Well… the slope of a line parallel IS 4/6 but that is an awkward way to write this answer. Sure would like to know a bit more about this student. Looking to the questions around it to find clues as to why this answer would be presented this way and that doesn’t help either.

Students don’t think that things can be just that easy, the same number as the slope they found. It’s almost like they don’t trust the numbers. This might be their way of ensuring they aren’t having a fast one pulled over them.

Michael Paul Goldenberg

What is “the 4/6 thingy”?

I think @Isquared has a point which could explain the “error,” such as it is. She fears repeating a number already in the problem. And if she is clear about slope, that’s fine. The answer isn’t wrong, as @mrdardy states.

Here’s another thought, though it’s a stretch: as the slope of the line is given as 2/3 with nothing more to go on, she might have put her finger on the point (2, 3) and then moved 2 units to the right and 3 units up (or the reverse order) and arrived at. . .(4, 6). That would be consistent with a common misunderstanding about slope, and if she exhibited that error in other places, but not in every instance, that would be something that happens rather often: kids forget that slope is a ration of change in y to change in x. Or thought the problem asked for another point the line would go through or that a line parallel to it would go through.

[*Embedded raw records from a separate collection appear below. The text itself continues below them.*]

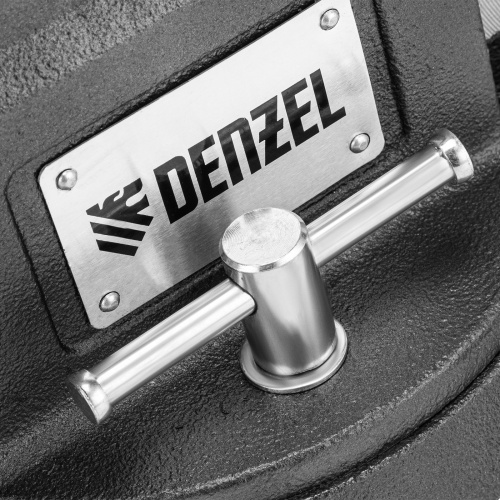 Тиски слесарные BVH-125, 125 мм, поворотные, стальная направляющая, с наковальней //Denzel фото 15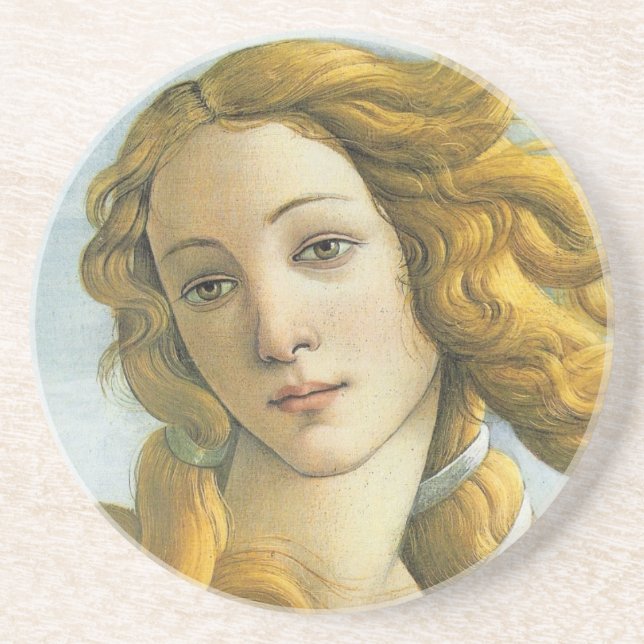 En Grès Naissance de Vénus par Dessous de verre Botticelli (Devant)
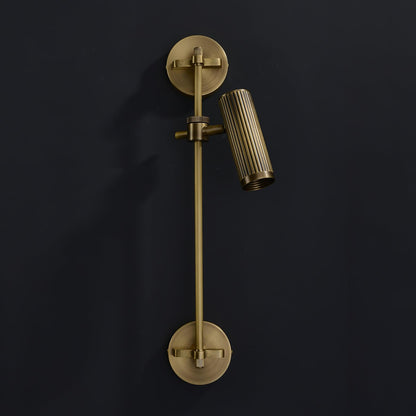 Adjustable Bronze Spotlight Rail Wall Light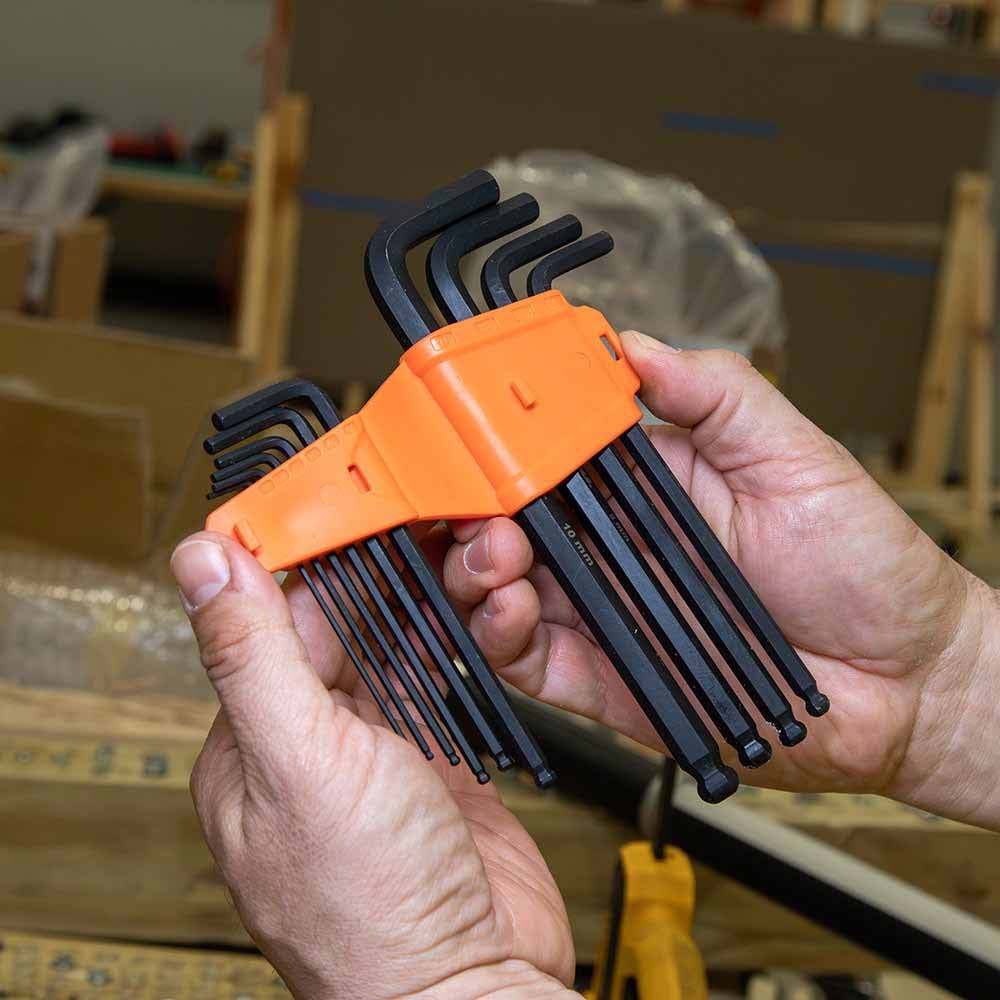 Klein BLS10M Long Ball-End Hex Key Set, Metric, 10-Piece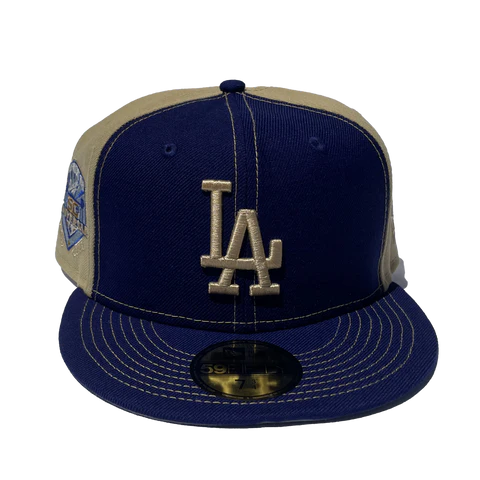 New Era Los Angeles Dodgers OTC Gold Blue Tan Gold Contrast Stitch 59Fifty Fitted Hat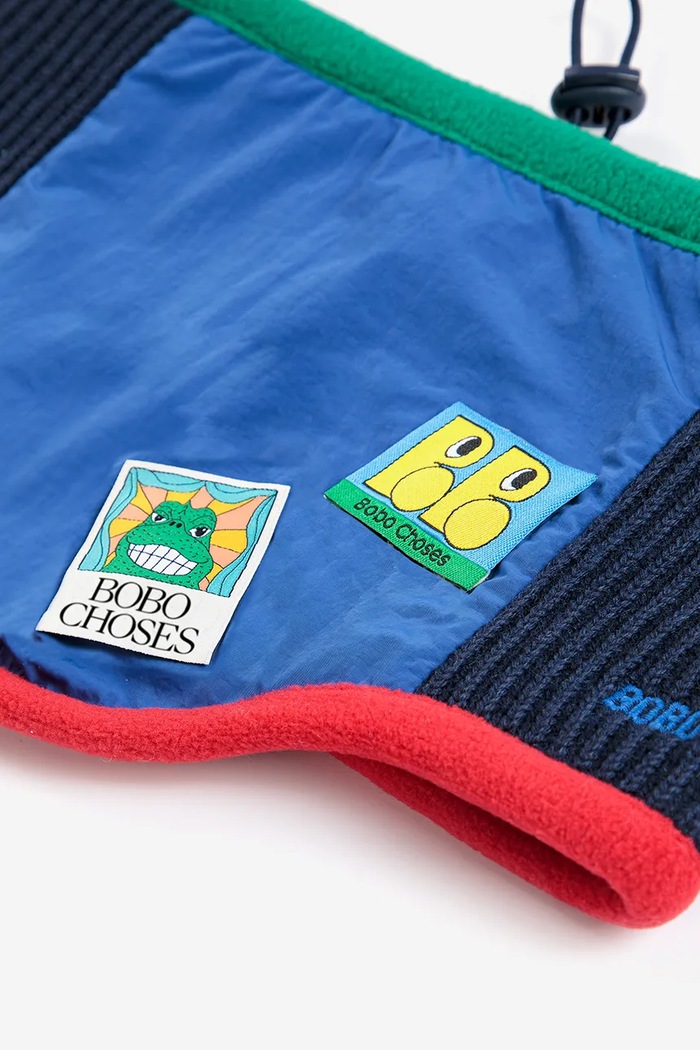 Bobo Choses Komin dziecięcy z dodatkiem wełny 226AI050 niebieski AW26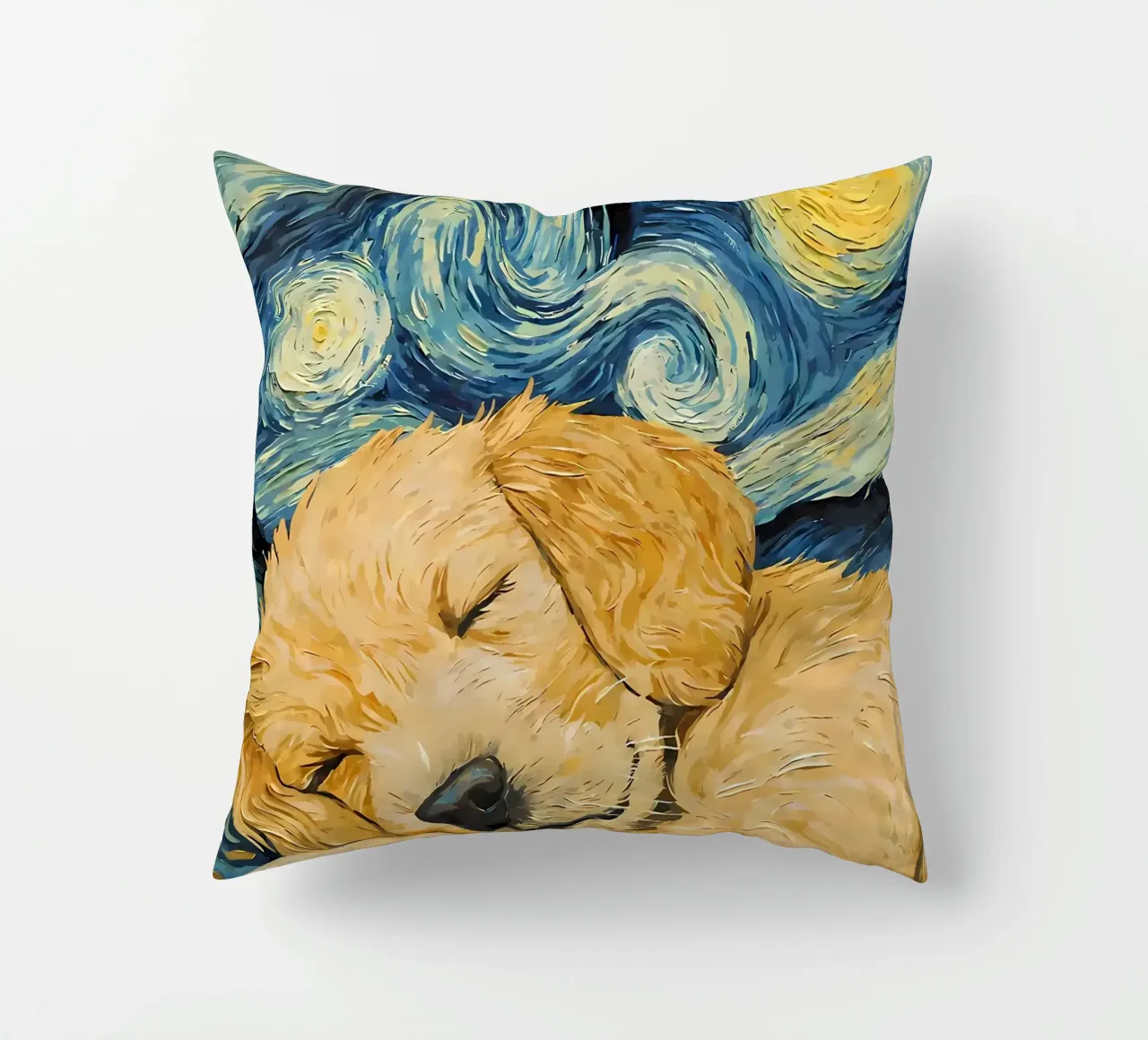 Cucciolo di Golden Retriever cuscino da Adrian Patel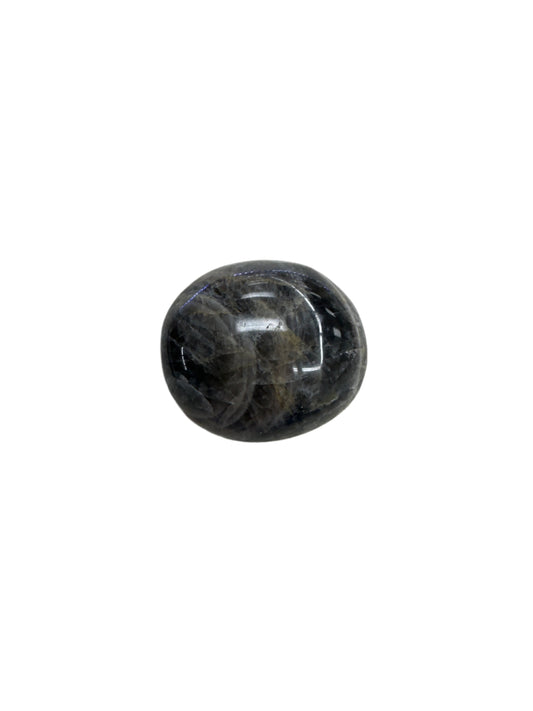 Black Moonstone Palm Stone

I think those are ‘reaches’ but not utterly ridiculous, and at least might account for the 4 & 6 here. But I am more inclined to think it is, after all, just caution about repeating numbers from the prompt. Maybe not a case of not trusting the numbers so much as not trusting her understanding or not trusting the teacher. If you’ve had a few teachers who throw “softball” questions that really are NOT softballs, it’s easy to become paranoid. ;^)

I think there’s a bit of truth in what each person has said.
My first thought was that she knew it was the same slope, but that somehow because it was a different line it couldn’t be EXACTLY the same. Equivalent is the closest idea to same, but not entirely the same. So, in a sense she is looking to express a degree of “sameness” that is not equal-ness. The slopes are equivalent, but they are not equal. 4/6 meets the criteria of equivalent, but not “the same.”
It’s interesting to me because I see this as a positive sign of mathematical thinking, although maybe not the thinking about the slope of a line. The student is grappling with parallelism and equivalence and has found that they have something in common. This response captures her perception of a degree of “sameness,” even if she lacks the precision that you’re looking for.
2₵

I don’t think we have enough information to clearly make any judgment call on “Why did this student put 4/6?” Perhaps the students have been taught that the only way to produce the slope of a line parallel is simply scale the first. So, if my first slope is (2/3), then scale by 2 to get (4/6).